*EXERCISE GOAL*.
Starting at the line that contains "MBT ABS Acoustic", copy every line through the end of the records below exactly as written, leaving out pictures.

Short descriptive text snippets
* * * * * * * * *

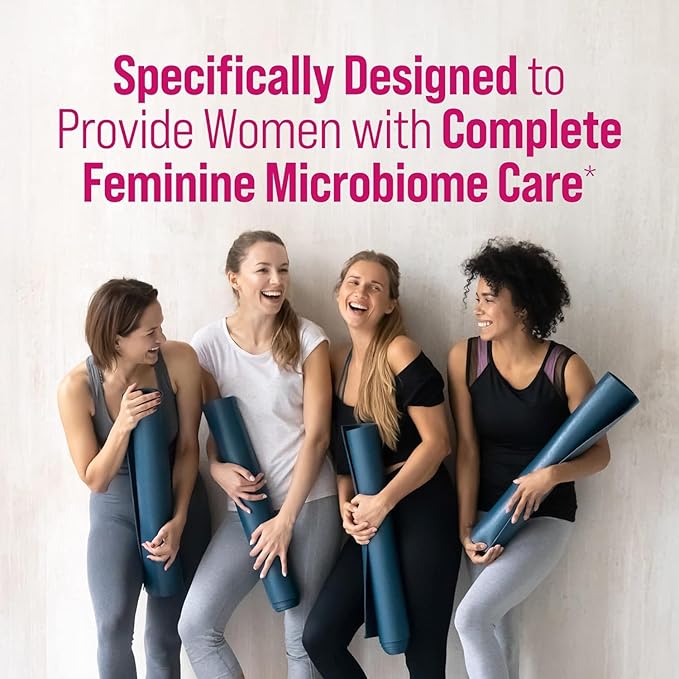 Culturelle 4-in-1 Probiotics for Women Daily Probiotic &amp Prebiotic Supplement to Support Vaginal Health Digestive Health Immune Health Occasional Diarrhea Gas &amp Bloating Relief Non-GMO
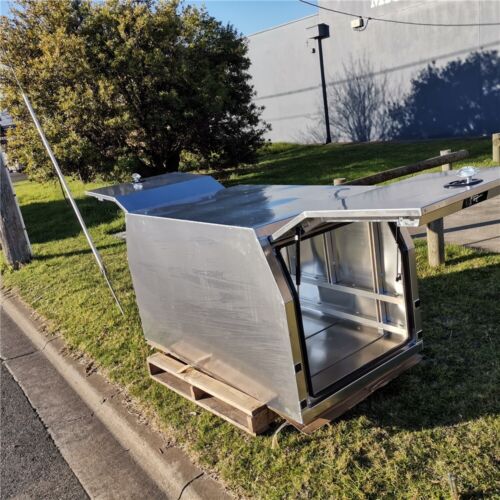 【LC79 CANOPY!】Alloy 1200 x 1770 x 1000 mm Flat Plate Gullwing Ute LC79 Canopy - Picture 12 of 15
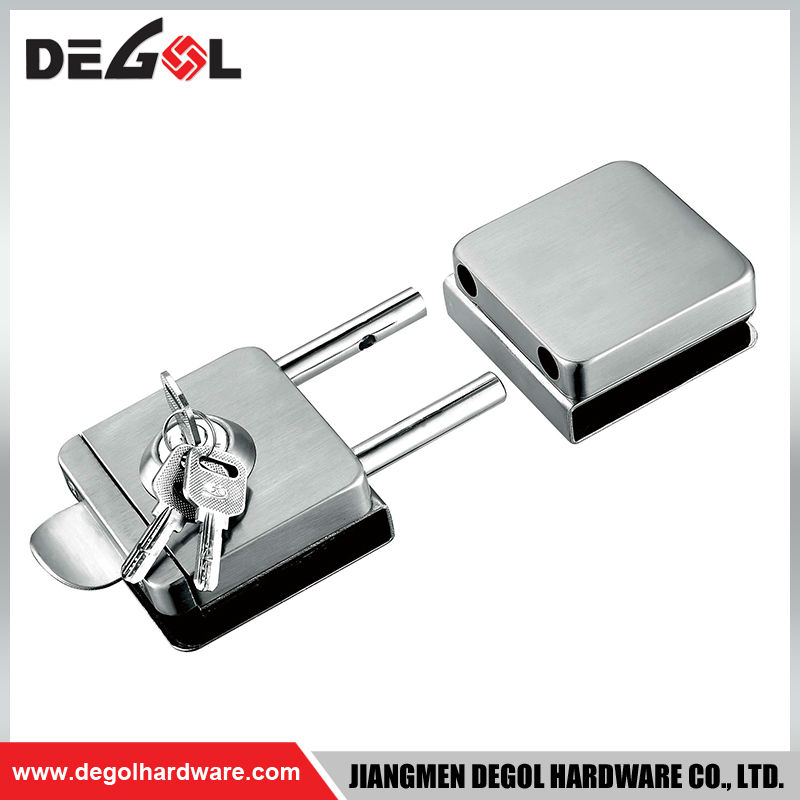 cerradura de puerta corrediza de vidrio de aleaci&oacute;n de zinc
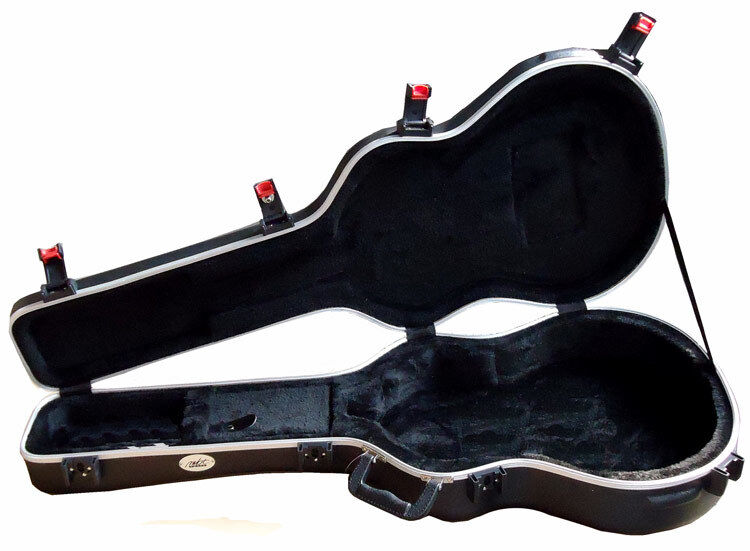 MBT ABS Acoustic Guitar Case for Parlour Guitars with TSA Latches, Black — view 2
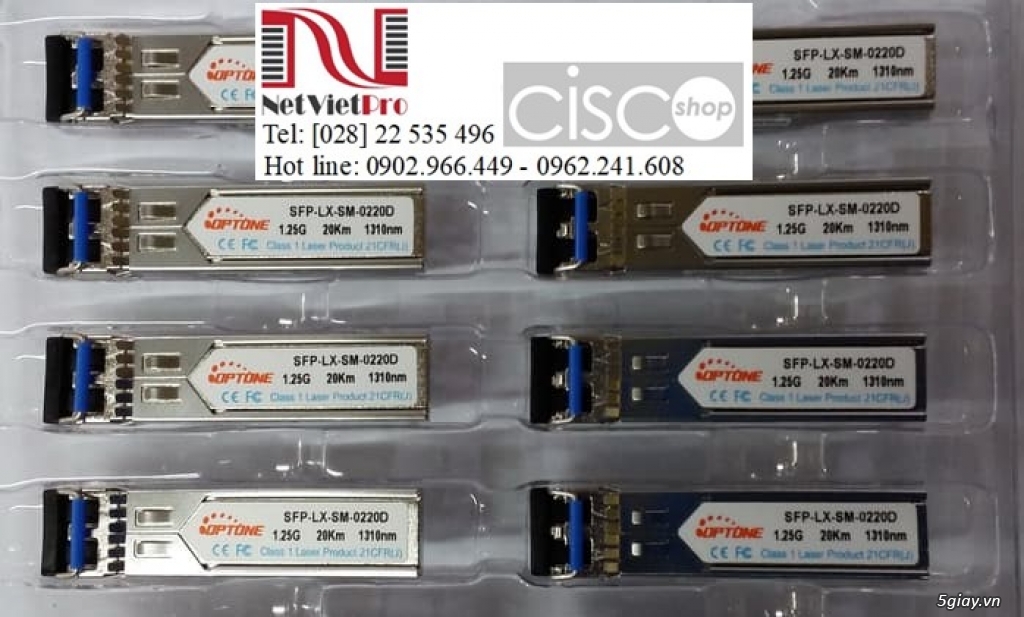 Module Quang Optone 1.25G 2 Sợi và  SFp Cisco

* * * * * * * * *

*THE ANSWER*.
 MBT ABS Acoustic Guitar Case for Parlour Guitars with TSA Latches, Black — view 2
 Module Quang Optone 1.25G 2 Sợi và  SFp Cisco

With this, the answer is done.